Chaplin’s Modern Times/Bbc Sso - City Halls, Glasgow
But that was the effect much of the time at this screening of Charlie Chaplin’s 1936 classic movie Modern Times, with live accompaniment from the BBC SSO under silent movie expert Timothy Brock.
Such was the authentically Hollywood-style sweep and the velvety sonic sheen to the orchestra’s playing, not to mention Brock’s effortlessly impeccable synchronisation with the images (he clearly knew both the movie and the music inside out), that the score seemed to flow directly from the screen. It was only the bright immediacy of the sound and the vivid colours that Brock drew from the BBC SSO players – who were on top form, and seemed to relish the score’s lush melodies and sometimes frenetic rhythms – that reminded you there was a live band playing at all.
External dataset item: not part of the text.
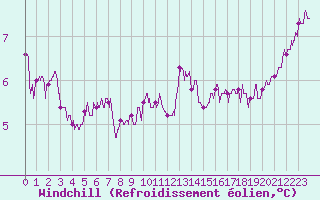 Courbe du refroidissement olien pour Lille (59)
As Brock highlighted in his informal and informative introduction, the score is Chaplin’s own – composed after he’d finished shooting the film, and put together with the help of arranger David Raskin. There are admittedly longueurs, and quite a lot of material crops up more than once, but at its best the score is exceptionally effective – as in the film’s famous factory scenes, full of clattering percussion and braying brass, which drew gleefully manic performances from the orchestra. A later merry-go-round scene contrasted throbbing bass clarinet and slithering flutes, menacing and macabre. It was the ideal pre-summer season closer: engaging, provocative, and pulled off with passion and pizzazz.